Look through the data below and report how many lines include "Bedroom". Only the number should be given.

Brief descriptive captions
..........

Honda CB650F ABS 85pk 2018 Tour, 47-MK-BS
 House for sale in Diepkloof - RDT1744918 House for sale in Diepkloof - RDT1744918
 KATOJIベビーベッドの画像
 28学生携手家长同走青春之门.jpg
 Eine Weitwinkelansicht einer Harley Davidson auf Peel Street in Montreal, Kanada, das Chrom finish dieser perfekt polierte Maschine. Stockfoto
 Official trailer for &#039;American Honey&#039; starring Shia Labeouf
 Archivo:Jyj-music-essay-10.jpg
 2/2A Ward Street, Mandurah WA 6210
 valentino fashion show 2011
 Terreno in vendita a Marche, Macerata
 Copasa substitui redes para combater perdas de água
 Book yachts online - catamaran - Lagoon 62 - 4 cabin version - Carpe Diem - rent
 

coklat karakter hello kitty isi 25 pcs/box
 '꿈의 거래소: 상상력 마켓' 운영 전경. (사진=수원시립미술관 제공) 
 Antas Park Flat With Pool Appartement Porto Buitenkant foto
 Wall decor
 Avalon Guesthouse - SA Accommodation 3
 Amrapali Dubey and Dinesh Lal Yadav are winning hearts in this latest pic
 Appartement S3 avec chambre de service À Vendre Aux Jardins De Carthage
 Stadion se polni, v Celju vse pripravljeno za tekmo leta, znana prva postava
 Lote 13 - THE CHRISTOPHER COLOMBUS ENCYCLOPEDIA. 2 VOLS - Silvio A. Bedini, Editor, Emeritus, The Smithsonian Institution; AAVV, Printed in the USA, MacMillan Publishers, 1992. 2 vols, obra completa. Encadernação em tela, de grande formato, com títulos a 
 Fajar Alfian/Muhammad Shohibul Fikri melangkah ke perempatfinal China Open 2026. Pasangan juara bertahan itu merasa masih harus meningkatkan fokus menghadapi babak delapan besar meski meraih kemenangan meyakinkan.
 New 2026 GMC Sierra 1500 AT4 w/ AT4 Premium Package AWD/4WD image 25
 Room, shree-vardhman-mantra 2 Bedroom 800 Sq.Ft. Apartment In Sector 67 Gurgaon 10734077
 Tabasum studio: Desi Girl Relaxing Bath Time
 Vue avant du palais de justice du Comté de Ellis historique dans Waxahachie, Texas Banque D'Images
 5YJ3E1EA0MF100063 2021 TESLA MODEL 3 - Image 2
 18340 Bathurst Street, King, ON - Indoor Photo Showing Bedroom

..........

**SOLUTION TO THE PROBLEM:** 2